Now the main threat to the owners of BaDM and Optima is the possibility of fines from the Antimonopoly Committee. In June 2024, the AMCU began considering a case against the two monopolists for price collusion on Spazmalgon and Evkazolin Aqua. The fines for this could be significant: UAH 5.4 billion for Optima and UAH 6 billion for BaDM. Anticipating these potential fines, the beneficiaries paid dividends this year totaling UAH 2.9 billion for Optima and UAH 2.3 billion for BaDM. It is likely that some of these funds will be withdrawn outside Ukraine, especially since some of the owners reside abroad.
However, even billion-dollar fines will not solve the problems in the industry. Monopoly, or in this case duopoly, creates a number of problems for the state and consumers of medicines. In addition to inflated prices, monopoly distributors create other problems. They limit the variety of medicines available to consumers, create a high risk of supply disruptions, hinder the improvement of logistics, put pressure on drug manufacturers with their conditions and hinder innovation in the pharmaceutical industry.

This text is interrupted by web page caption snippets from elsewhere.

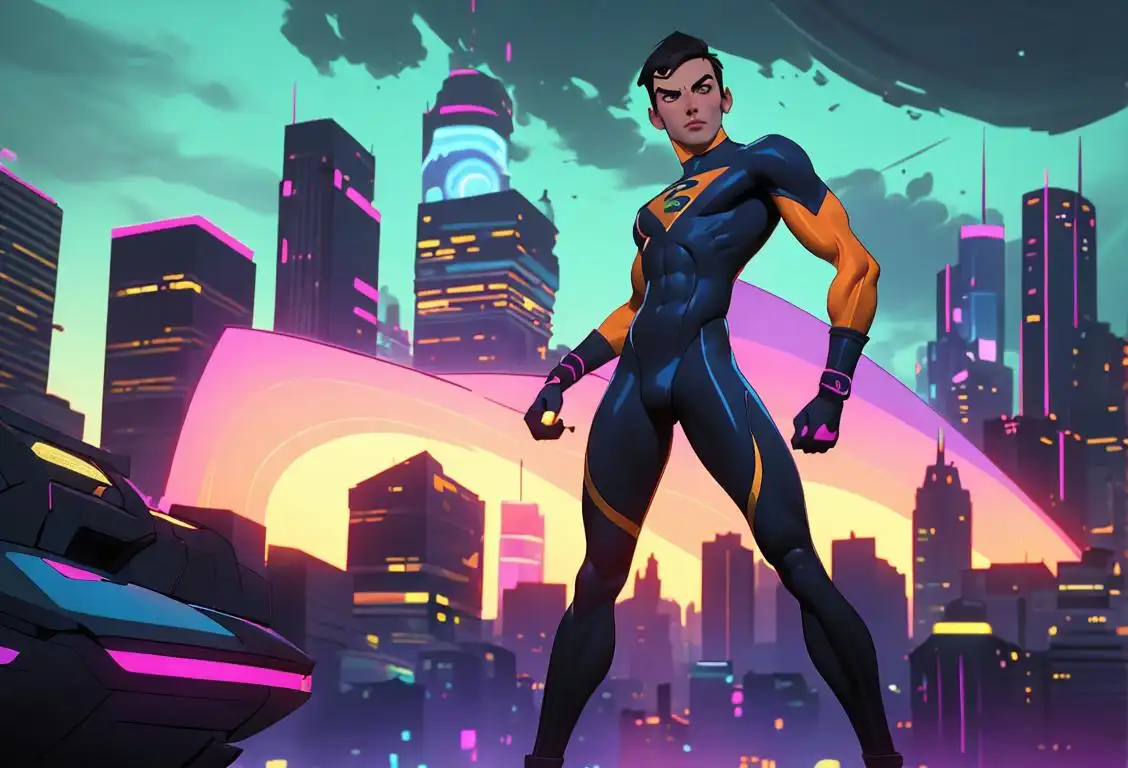 Young man wearing colorful spandex outfit, striking a pose, futuristic cityscape backdrop, with onlookers..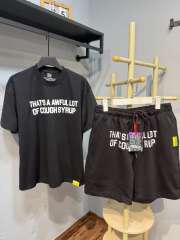 Anime Character Letter Print T-Shirt & Shorts Casual Streetwear Set 21 colors 29288563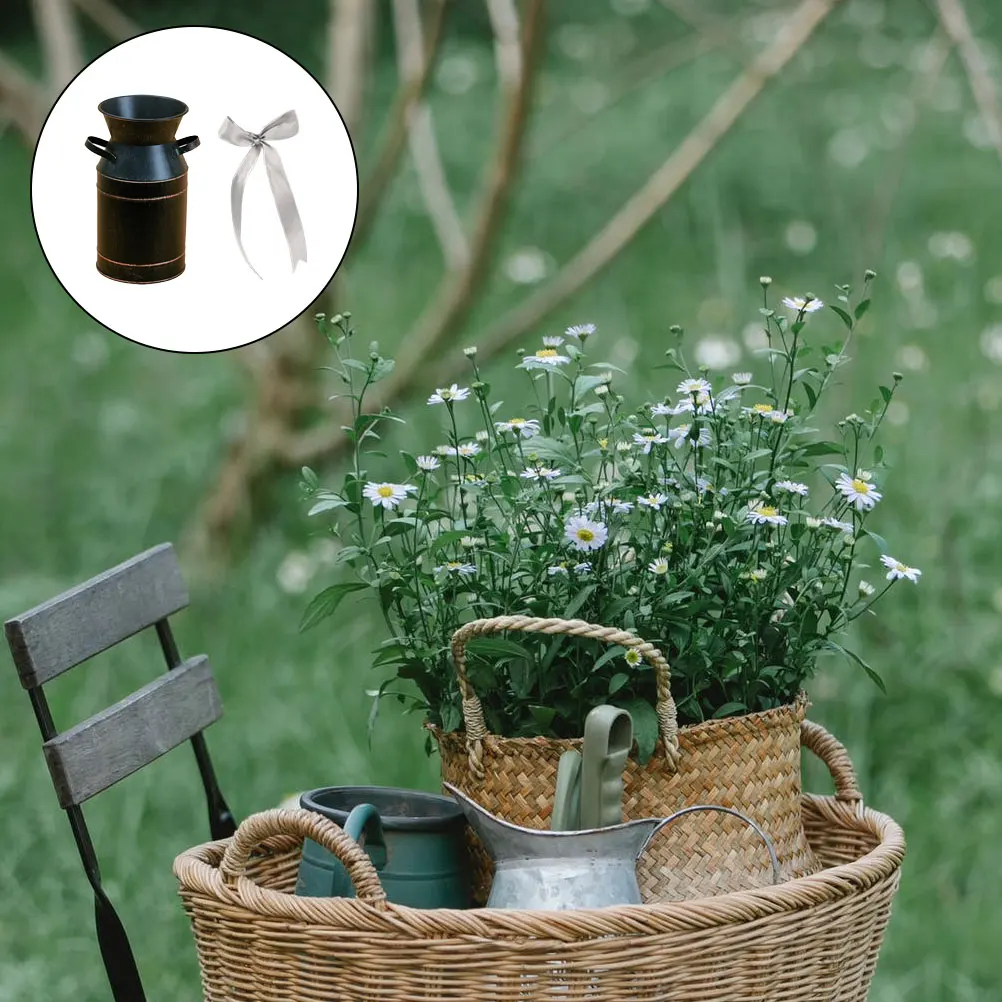 

Retro Iron Flower Bucket Vintage Metal Container for Home Garden Balcony Decorative Floral Pot Household Gift Greening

Telegraf UA also writes about the involvement of five pharmacy chains and two distributors in the drug market crisis:
- ANC;
- Podorozhnik;
- 9-1-1;
- We wish you health;
- Dobrogo Dnya Pharmacy.
These pharmacy chains control almost 60% of the retail drug market in Ukraine. The lack of a legislative definition of pharmacy chains combined with passive response of state authorities promotes the development of monopolies. As a consequence, drug prices remain high, clouding the illusion of choice offered by a large number of pharmacies.

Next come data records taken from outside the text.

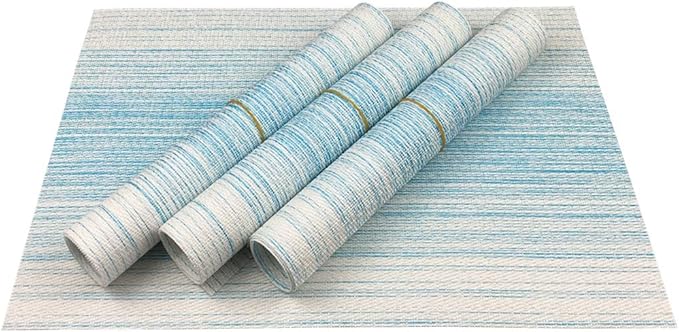 Placemat,Blending Color Durable Woven Vinyl Placemat Washable Heat-Resistant Anti-Skid Kitchen Dining Table Mats (Set of 4, Blue with White)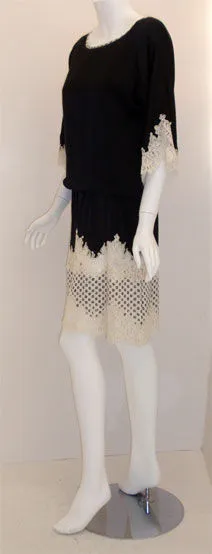 GEOFFREY BEENE 1990s Black Silk & Lace Cocktail Dress, Belt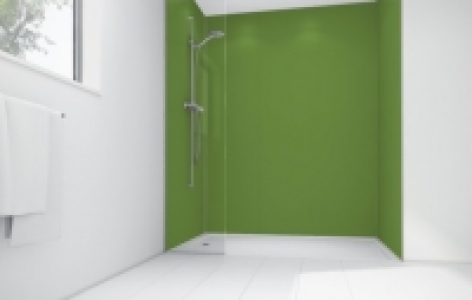 Wickes  Mermaid Forrest Green Matt Acrylic Shower Single Shower Pane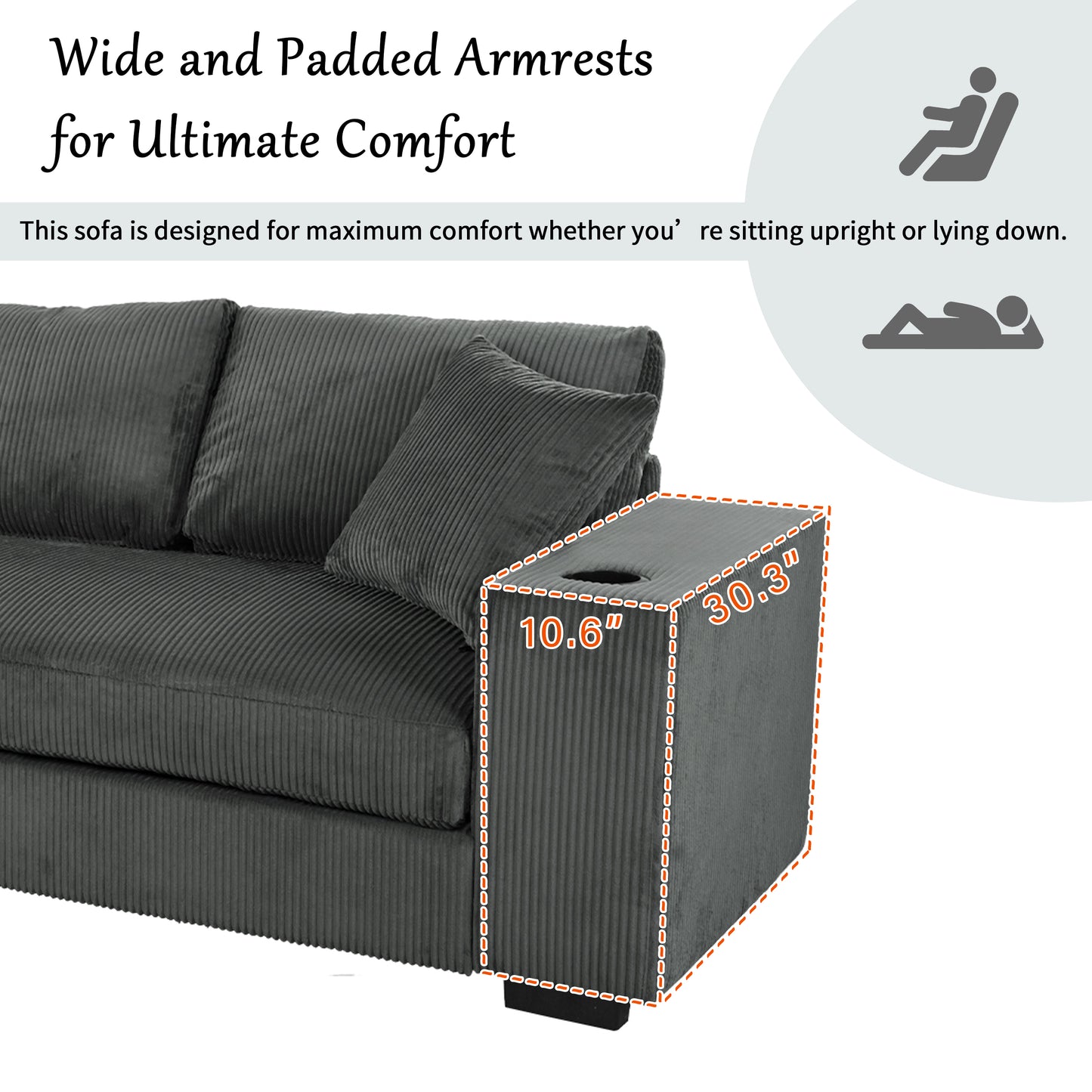 Mirod Large Sectional Sofa With Thick Cushions, And Built-in Cup Holders & Charging Ports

Many EU countries do not allow monopolization of the pharmacy market. In Germany, for example, pharmacists are allowed to own a maximum of four pharmacies. However, the owners of the largest pharmacy chains in Ukraine have more than 1,500-1,700 pharmacies, which allows them to dictate their terms. Introduction of such restrictions in Ukraine together with a clear legislative definition of pharmacy chains will promote the development of independent business and prevent excessive monopolization.
The Ukrainian pharmaceutical market lacks restrictions for manipulative marketing tactics used by pharmacy owners. A key problem in the Ukrainian market is the use of marketing agreements, where pharmacies are remunerated for promoting certain drugs regardless of their medical appropriateness. This mechanism allows pharmacies to sell medicines cheaper than their competitors, which makes consumers believe that they are getting a favorable offer.
However, such a system not only fails to address affordability issues, but also creates additional risks for consumers, pharmacies and the market as a whole. Lack of control over retail mark-ups leads to discrimination against consumers, as prices differ significantly from one pharmacy to another. Marketing agreements also hinder competition for smaller players in the market. Strict monitoring of these agreements, increased transparency and consumer education are necessary to protect consumers and establish fair pricing mechanisms.
The government should regulate the transparency of transactions between manufacturers, distributors, and pharmacies, and consider banning marketing deals altogether. In addition, measures should be taken to reduce monopolization, promote competition and increase access to medicines.